Le tribunal des prud’hommes de l’État de Praha au Brésil vient de condamner le constructeur allemand Volkswagen. Le verdict juge que des centaines d’employés d’une ferme, appartenant à la marque, avaient été « maintenus en servitude pour dettes et surveillés par des gardes armés pendant qu’ils travaillaient. »
La justice brésilienne demande à Volkswagen de payer 165 millions de réais, l’équivalent de 26 millions d’euros. C’est la plus grosse amende de l’histoire du pays dans ce genre d’affaires.

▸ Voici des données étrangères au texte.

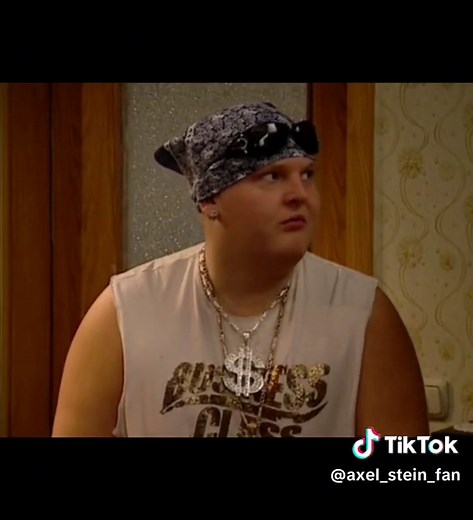 Hilarious Moments from Hausmeister Krause Series with Axel Stein and Tommie Krause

Le constructeur allemand a d’ores et déjà annoncé qu’il allait faire appel de cette décision de justice.
« Pratiques esclavagistes »
Pour comprendre cette décision de justice, il faut se replonger dans le Brésil des années 70. Sous le joug d’une dictature militaire (qui tiendra jusqu’en 1985), le Brésil tente de se développer économique, en dépit des droits humains les plus fondamentaux.
Dans le cadre du programme « Amazonie » visant à développer cette région forestière, l’entreprise allemande Volkswagen acquiert une ferme en 1973. Gérée par l’armée, elle utilisera des « pratiques esclavagistes » sur les centaines de personnes travaillant dans l’exploitation.
Quand l’affaire éclate au grand jour, Volkswagen dit ne rien en savoir. La filiale brésilienne du constructeur n’aurait jamais eu connaissance de ces faits. Une version de l’histoire qui s’oppose « aux preuves » assure le juge de la cour des prud’hommes Otavio Bruno da Silva Ferreira.
Le magistrat assure que « des rapports officiels, des témoignages de travailleurs […] montrent que le modèle de production adopté [était] de l’ordre de l’esclavage moderne. » Dans le détail, plusieurs témoignages relatent le même modus operandi.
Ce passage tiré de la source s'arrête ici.